Never a film widely appreciated by the general public, the under-the-radar influence of BARTON FINK has continued through the years if only as a perverse in-joke—the code name for the Wachowski’s MATRIX sequels during production was THE BURLYMAN (the “scenario” Barton comes up with) and naming the ship used in each film the Nebuchadnezzar could have been taken directly from the title of W.P. Mayhew’s novel that the author autographs a copy of for Barton. Not to mention how for years the Coens have hinted in interviews that they would want to make a sequel to the film called OLD FINK and they’re just waiting for John Turturro to be the proper age for. Is this another Coen Brothers joke or are they serious? I’m still not sure, but I can safely say that I can’t think of any other sequel that I would be as excited to see if it ever happened.
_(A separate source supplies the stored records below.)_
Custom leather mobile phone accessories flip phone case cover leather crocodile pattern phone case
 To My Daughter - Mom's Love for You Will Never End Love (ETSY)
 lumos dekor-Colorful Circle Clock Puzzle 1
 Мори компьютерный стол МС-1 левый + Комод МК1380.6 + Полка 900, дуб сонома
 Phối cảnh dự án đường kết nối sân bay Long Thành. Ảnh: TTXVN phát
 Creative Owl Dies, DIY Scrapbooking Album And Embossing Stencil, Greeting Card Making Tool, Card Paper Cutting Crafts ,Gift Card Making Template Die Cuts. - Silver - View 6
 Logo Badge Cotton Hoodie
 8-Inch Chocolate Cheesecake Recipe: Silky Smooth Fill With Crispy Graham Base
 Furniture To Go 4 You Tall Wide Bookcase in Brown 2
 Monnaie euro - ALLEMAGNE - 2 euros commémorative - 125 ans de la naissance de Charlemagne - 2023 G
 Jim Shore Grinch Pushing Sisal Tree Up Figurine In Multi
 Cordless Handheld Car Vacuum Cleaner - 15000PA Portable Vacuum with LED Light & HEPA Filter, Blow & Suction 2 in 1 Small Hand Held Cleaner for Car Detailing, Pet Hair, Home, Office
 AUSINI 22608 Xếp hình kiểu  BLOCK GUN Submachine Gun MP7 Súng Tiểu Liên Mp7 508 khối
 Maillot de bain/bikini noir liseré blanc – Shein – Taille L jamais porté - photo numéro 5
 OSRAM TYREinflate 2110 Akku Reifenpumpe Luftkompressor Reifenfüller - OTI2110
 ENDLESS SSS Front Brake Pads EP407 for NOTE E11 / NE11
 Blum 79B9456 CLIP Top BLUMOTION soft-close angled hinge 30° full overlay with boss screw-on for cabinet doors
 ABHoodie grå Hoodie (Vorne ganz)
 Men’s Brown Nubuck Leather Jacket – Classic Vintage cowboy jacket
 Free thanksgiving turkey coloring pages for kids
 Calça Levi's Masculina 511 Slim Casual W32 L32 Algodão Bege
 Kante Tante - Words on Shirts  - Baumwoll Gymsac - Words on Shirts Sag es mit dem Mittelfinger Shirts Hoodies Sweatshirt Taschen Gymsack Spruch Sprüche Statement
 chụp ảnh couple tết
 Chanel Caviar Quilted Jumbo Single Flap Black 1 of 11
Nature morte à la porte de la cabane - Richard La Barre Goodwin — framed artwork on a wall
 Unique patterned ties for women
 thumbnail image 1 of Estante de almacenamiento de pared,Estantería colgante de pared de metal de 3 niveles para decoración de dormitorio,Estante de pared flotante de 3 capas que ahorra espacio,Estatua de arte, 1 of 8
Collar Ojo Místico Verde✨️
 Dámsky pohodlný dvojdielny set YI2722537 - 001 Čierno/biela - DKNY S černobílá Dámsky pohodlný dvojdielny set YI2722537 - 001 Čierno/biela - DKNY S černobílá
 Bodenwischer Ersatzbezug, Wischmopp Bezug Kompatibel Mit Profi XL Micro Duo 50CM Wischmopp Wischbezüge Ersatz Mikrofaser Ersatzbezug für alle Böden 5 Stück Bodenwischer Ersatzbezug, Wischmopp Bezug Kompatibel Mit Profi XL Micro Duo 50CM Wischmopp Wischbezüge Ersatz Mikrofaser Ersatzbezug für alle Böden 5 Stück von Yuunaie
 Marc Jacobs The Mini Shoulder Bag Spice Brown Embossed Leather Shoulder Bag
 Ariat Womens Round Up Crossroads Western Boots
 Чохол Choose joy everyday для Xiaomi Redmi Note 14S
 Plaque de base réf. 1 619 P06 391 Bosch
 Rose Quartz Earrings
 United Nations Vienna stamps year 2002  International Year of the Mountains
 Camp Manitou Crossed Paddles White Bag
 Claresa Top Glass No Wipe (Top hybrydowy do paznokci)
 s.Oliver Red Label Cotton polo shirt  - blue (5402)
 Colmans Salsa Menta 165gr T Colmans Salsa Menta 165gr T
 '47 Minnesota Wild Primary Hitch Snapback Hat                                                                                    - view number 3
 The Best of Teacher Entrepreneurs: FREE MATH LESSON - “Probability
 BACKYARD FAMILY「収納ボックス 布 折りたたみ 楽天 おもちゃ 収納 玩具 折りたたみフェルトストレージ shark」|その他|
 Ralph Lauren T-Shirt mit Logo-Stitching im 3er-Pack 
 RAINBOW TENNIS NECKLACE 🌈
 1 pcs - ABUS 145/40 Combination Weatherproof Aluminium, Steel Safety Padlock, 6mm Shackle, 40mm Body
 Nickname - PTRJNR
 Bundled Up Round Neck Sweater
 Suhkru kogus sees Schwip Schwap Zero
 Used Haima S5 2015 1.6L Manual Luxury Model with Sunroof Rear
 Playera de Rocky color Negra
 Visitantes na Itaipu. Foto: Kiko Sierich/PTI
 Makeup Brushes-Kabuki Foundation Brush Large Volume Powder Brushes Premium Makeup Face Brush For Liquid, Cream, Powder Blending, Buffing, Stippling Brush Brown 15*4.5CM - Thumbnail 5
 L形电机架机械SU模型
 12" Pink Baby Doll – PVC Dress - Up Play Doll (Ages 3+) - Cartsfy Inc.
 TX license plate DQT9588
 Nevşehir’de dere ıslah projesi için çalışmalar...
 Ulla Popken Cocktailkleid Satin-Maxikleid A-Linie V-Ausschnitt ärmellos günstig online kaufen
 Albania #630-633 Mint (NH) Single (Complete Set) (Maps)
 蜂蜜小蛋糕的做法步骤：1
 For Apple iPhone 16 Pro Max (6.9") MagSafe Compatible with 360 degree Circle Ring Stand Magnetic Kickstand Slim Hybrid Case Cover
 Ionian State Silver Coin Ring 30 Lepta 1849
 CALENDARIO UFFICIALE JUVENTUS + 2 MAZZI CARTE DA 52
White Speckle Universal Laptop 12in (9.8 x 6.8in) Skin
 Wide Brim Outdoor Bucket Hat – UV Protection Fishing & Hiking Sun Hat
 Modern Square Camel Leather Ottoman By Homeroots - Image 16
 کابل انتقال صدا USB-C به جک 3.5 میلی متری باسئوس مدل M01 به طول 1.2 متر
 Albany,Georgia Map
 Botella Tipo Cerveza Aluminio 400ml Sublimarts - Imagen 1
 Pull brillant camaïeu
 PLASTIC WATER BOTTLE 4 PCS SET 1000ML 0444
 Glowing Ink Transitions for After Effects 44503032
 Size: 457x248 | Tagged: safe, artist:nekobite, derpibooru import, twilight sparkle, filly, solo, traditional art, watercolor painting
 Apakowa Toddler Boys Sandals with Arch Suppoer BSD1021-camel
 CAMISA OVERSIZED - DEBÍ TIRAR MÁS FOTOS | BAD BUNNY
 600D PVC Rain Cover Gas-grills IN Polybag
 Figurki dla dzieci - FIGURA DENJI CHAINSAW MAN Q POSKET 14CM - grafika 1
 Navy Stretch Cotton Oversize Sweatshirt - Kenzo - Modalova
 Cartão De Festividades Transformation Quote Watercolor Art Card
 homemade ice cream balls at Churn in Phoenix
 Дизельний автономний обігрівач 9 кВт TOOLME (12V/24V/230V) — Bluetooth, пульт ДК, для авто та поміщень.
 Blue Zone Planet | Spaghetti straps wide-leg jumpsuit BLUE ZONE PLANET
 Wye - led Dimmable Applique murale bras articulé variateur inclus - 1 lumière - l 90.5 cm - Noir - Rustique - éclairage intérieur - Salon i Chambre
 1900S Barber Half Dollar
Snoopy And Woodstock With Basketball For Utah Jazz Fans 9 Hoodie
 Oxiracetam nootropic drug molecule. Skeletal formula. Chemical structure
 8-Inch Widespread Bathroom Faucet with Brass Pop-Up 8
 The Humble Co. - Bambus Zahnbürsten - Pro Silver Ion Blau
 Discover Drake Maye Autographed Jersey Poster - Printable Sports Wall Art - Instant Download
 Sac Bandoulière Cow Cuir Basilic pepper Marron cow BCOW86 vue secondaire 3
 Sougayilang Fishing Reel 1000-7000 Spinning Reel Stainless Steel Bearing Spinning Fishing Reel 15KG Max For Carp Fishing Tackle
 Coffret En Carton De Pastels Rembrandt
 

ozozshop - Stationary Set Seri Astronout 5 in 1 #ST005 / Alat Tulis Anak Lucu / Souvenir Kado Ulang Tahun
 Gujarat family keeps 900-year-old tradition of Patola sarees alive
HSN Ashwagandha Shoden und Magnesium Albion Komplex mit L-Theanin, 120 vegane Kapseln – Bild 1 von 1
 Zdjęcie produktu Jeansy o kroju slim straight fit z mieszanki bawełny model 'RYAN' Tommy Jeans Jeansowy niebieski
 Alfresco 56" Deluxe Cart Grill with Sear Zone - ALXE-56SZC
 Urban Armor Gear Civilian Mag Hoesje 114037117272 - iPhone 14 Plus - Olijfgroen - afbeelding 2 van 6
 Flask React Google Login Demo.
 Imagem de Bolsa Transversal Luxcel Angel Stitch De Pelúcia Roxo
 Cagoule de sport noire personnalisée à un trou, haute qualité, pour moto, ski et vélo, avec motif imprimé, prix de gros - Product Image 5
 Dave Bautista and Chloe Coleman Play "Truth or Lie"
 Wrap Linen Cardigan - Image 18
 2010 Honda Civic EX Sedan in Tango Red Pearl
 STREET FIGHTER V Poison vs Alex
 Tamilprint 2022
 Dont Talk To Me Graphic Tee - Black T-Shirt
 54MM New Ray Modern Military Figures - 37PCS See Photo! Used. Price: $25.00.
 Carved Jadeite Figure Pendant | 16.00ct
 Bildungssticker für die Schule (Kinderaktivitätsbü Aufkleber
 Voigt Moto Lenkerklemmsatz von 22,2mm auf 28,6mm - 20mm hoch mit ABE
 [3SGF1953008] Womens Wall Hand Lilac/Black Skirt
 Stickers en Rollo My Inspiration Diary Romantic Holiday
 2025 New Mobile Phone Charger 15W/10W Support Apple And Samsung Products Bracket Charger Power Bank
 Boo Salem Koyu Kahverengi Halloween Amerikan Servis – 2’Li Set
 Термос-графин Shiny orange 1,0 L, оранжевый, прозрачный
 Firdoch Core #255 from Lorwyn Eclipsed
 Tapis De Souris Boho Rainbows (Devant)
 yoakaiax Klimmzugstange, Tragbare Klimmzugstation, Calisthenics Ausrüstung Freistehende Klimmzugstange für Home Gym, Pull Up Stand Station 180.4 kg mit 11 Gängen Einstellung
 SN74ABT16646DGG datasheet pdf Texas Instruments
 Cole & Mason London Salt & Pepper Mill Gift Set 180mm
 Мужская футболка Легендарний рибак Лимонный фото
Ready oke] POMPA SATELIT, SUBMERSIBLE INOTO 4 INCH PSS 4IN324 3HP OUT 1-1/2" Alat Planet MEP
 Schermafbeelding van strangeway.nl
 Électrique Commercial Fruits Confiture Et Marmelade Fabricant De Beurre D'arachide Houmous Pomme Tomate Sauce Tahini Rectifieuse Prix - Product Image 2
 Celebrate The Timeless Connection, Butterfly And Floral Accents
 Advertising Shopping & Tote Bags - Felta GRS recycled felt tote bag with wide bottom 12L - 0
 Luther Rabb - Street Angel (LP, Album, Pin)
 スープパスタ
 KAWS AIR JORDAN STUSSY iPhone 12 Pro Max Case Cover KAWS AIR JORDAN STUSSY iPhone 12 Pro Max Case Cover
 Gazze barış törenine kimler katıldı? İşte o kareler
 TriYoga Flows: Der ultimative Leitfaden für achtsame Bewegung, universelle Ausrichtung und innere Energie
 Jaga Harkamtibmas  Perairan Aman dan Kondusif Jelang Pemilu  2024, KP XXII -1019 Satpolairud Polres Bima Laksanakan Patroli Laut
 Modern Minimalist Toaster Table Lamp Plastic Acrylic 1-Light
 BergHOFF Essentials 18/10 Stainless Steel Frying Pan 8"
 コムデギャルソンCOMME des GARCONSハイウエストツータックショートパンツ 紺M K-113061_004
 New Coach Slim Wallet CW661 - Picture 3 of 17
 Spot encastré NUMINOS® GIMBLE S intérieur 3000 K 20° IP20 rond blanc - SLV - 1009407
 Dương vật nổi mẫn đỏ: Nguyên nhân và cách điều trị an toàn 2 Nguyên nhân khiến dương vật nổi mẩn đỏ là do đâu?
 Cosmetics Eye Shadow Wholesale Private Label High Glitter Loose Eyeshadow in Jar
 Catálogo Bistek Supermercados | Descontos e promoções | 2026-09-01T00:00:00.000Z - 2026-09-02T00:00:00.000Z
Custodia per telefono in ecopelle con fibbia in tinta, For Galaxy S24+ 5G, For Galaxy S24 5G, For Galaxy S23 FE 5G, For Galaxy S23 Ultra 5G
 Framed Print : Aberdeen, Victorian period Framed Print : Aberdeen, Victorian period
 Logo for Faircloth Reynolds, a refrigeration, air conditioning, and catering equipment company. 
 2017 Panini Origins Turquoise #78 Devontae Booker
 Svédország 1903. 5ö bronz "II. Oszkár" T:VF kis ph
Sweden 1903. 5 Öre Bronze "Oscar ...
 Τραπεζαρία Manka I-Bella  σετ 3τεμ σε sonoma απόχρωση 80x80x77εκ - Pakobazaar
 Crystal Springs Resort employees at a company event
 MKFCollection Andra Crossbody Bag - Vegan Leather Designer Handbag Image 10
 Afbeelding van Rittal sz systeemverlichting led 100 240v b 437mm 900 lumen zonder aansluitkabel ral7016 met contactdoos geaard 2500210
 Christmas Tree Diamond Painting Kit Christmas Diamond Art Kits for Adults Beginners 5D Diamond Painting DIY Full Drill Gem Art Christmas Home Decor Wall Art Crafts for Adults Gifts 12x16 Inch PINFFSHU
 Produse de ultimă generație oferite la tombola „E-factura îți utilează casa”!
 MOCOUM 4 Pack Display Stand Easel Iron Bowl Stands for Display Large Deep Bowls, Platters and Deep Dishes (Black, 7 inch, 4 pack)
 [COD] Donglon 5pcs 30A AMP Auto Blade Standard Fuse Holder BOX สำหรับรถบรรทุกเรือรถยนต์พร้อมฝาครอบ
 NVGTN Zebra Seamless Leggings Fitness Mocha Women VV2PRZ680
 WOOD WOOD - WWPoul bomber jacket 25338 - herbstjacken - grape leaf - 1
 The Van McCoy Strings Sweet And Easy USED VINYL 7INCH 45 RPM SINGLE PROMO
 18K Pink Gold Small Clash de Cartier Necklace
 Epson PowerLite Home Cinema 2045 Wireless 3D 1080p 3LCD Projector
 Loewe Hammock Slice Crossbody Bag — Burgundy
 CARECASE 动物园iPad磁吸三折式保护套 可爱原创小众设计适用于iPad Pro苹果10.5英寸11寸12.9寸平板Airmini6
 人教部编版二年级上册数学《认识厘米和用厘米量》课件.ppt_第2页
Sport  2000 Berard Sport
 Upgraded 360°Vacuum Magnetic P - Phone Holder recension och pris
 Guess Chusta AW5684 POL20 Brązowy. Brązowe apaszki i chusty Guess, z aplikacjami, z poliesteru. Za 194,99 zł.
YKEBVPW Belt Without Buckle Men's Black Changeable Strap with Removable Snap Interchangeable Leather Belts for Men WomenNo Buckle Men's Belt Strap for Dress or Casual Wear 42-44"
Or maybe I’m just living my own sequel as I reside in my own version of the Hotel Earle, dreaming of a beautiful girl staring out at the ocean as I sit here not trying to finish a screenplay that has no one waiting to read it. Anyway, as I sit here trying to figure out what to say about this film about writer’s block, I realize that I’ve been blocked too. Maybe I’ve been blocked for a long time, I don’t know. As of a few days ago, I’m not even employed anymore so maybe this should be a chance to do something about all that. I think I may still even have that box I used to carry around on Halloween somewhere around here so maybe I should put it on the desk here in front of me. After all, we eventually need to be reminded what it’s really like to live the life of the mind. “You’re very beautiful. Are you in pictures?” “Don’t be silly.” That’s the closest I’ve ever gotten to an answer as well.